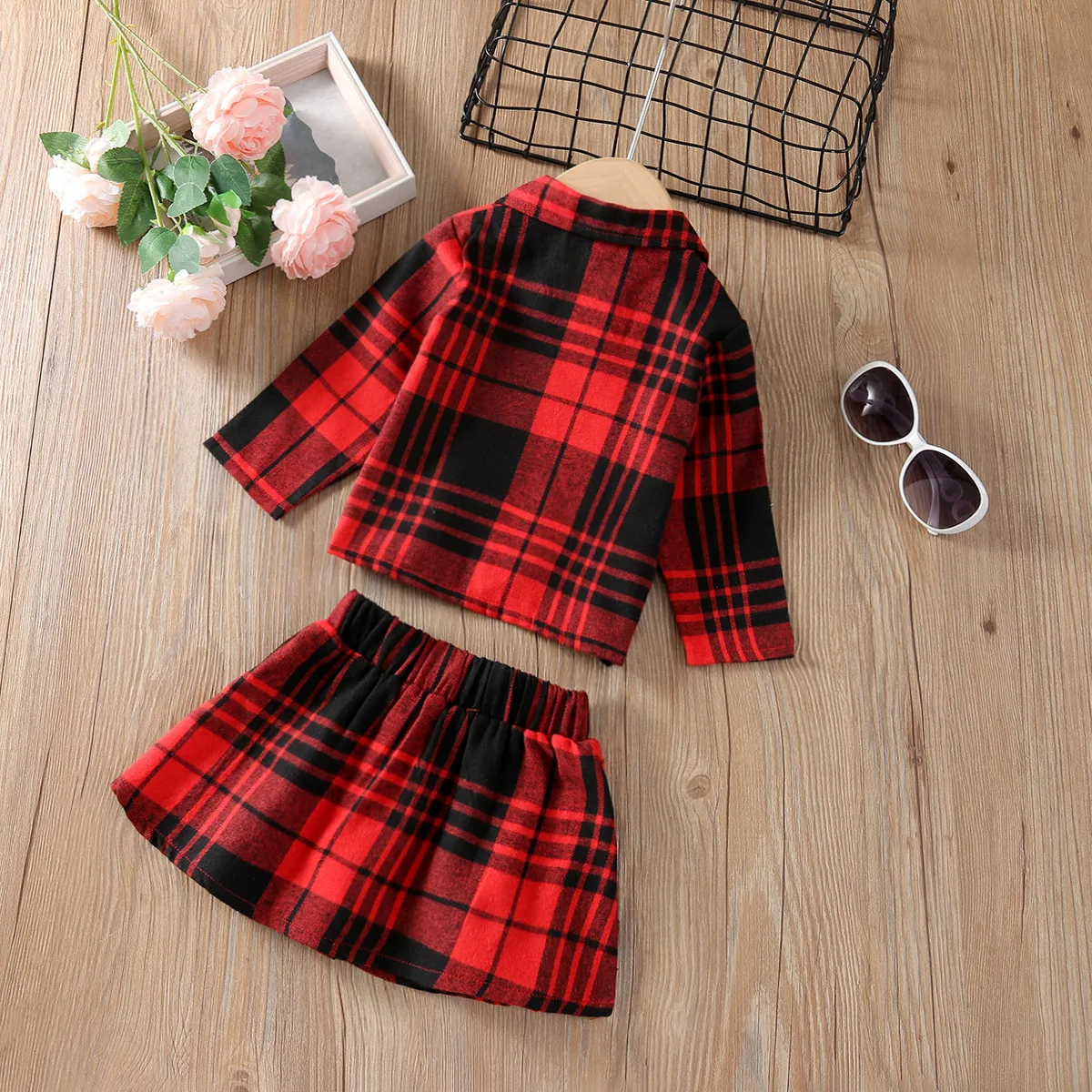 product image - 4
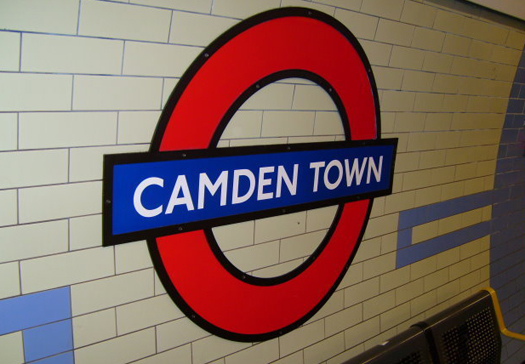 Camden_Town_tube_station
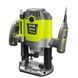 Фрезер RYOBI RRT1600-K (набір фрез) HY_000009891 фото 1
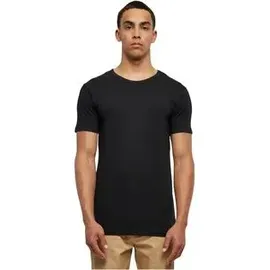 URBAN CLASSICS Fitted Stretch Tee (TB814)
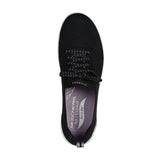 Sport Active Arch Fit Refine - Freesia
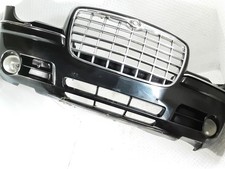 PARAURTI ANTERIORE PER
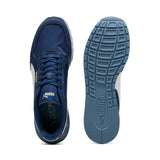 ST Runner v4 Nylon Sneakers Men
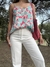 Top Nuevo VITAMINA Honey Pink Talla 42/3/L en internet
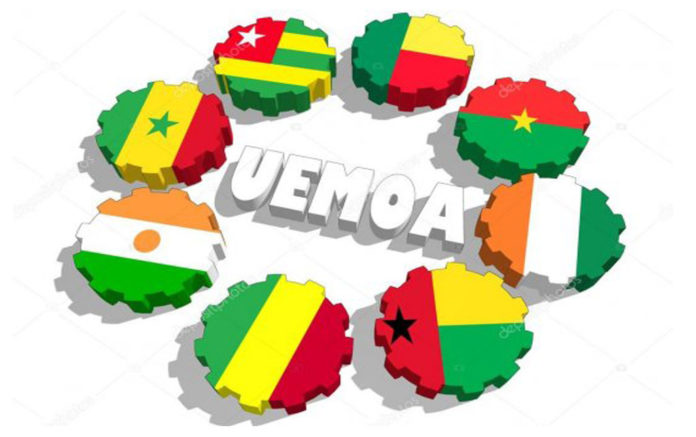 Uemoa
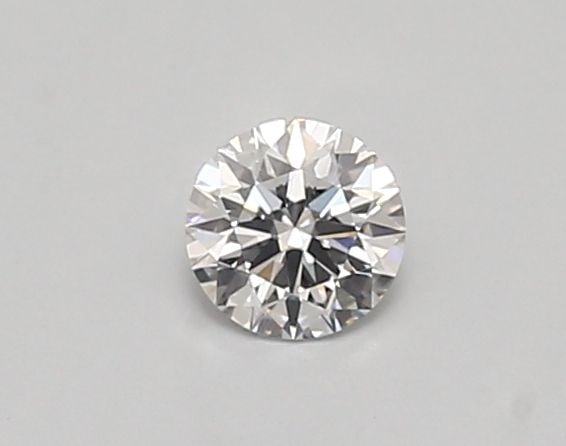 IGI Round 0.33ct D IF - Ideal Loose Lab Diamond: IGI Round 0.33ct D IF - Ideal Loose Lab Diamond This listing features IGI Round 0.33ct D IF - Ideal Loose Lab Diamond. Item specifics are provided below. Item Specifics: Source: This Is A Real Diamond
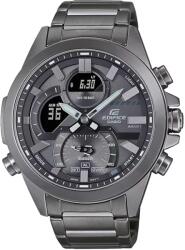Casio Ceas CASIO Edifice ECB-30DC-1B Ceas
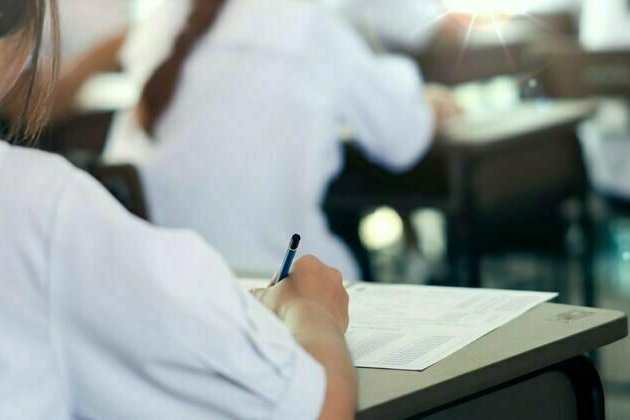 England's national curriculum is up for review - lessons from abroad show how it could work better for everyone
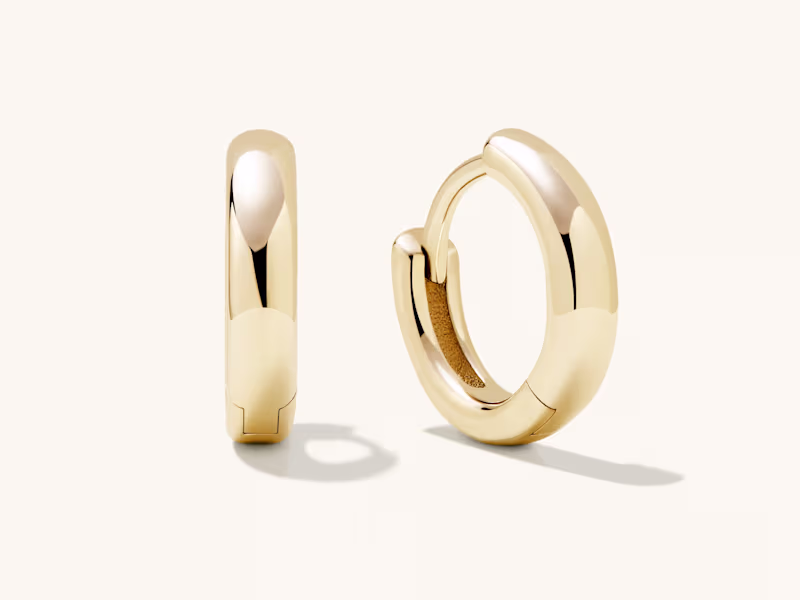 Cover image for Jewelry Retouching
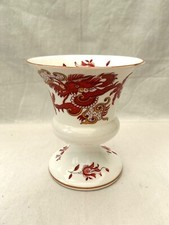 Crown staffordshire bone for sale  SWAFFHAM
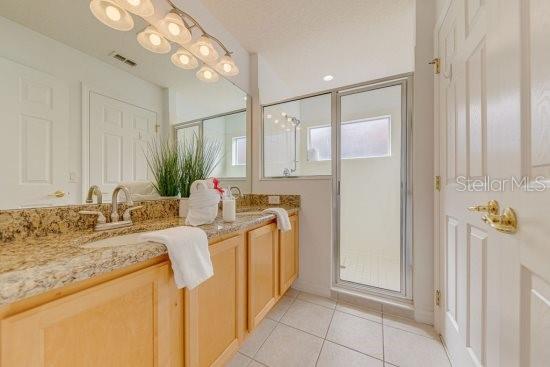 Image No.27-Propriété de 4 chambres à vendre à Kissimmee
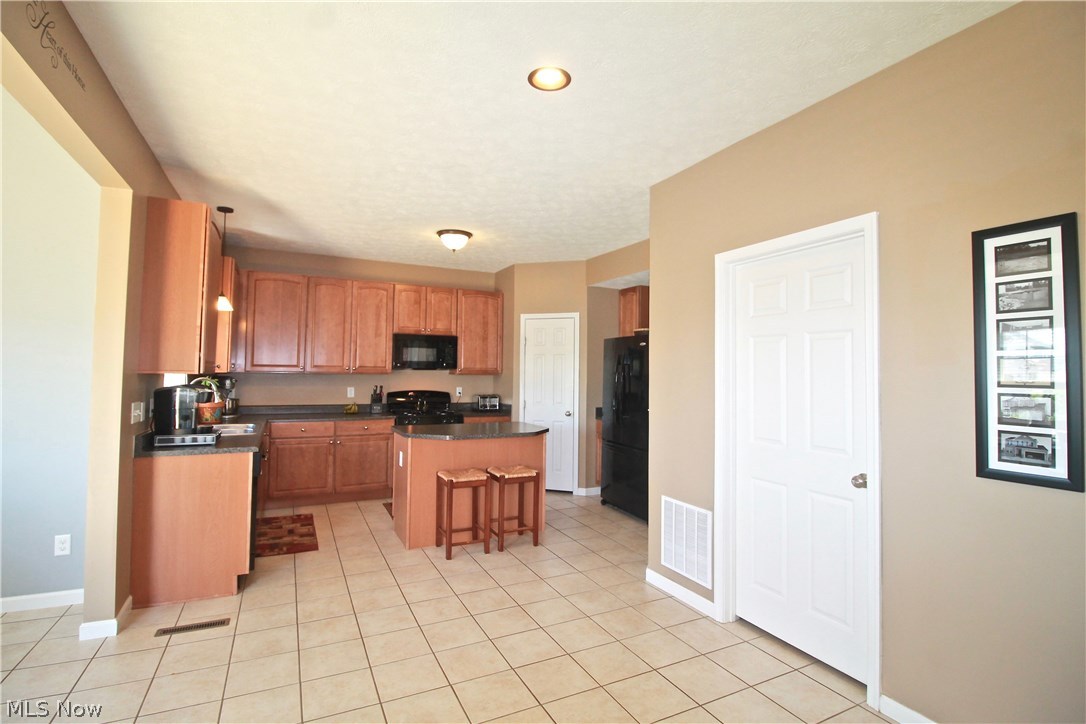 Lakes/Franklin Mills Ph 04 - Residential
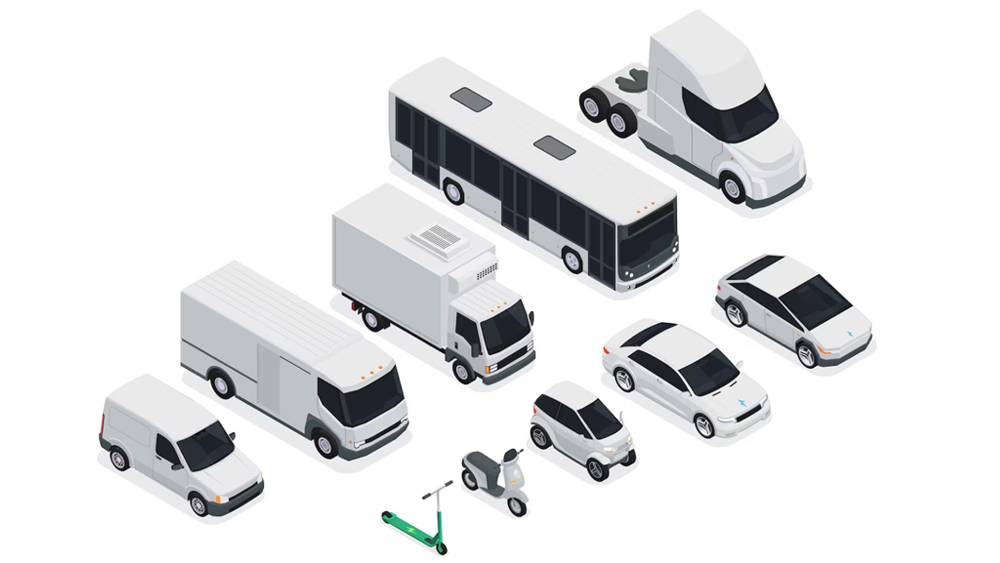 Enterprise <a href='https://en./solution.html' style='color: #014a97;' target='_blank'>fleet management</a> near me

──────────

Reproduce the material exactly; omit the pictures.

### Response to the exercise
 product image - 4
 Camden_Town_tube_station
 Фрезер RYOBI RRT1600-K (набір фрез) HY_000009891 фото 1
 URBAN CLASSICS Fitted Stretch Tee (TB814)
 Sport Active Arch Fit Refine - Freesia
 PARAURTI ANTERIORE PER
 ST Runner v4 Nylon Sneakers Men
 Top Nuevo VITAMINA Honey Pink Talla 42/3/L en internet
 Uemoa
 IGI Round 0.33ct D IF - Ideal Loose Lab Diamond: IGI Round 0.33ct D IF - Ideal Loose Lab Diamond This listing features IGI Round 0.33ct D IF - Ideal Loose Lab Diamond. Item specifics are provided below. Item Specifics: Source: This Is A Real Diamond
Casio Ceas CASIO Edifice ECB-30DC-1B Ceas
 England's national curriculum is up for review - lessons from abroad show how it could work better for everyone
 Cover image for Jewelry Retouching
 Crown staffordshire bone for sale  SWAFFHAM
 Image No.27-Propriété de 4 chambres à vendre à Kissimmee
 Lakes/Franklin Mills Ph 04 - Residential
 Enterprise <a href='https://en./solution.html' style='color: #014a97;' target='_blank'>fleet management</a> near me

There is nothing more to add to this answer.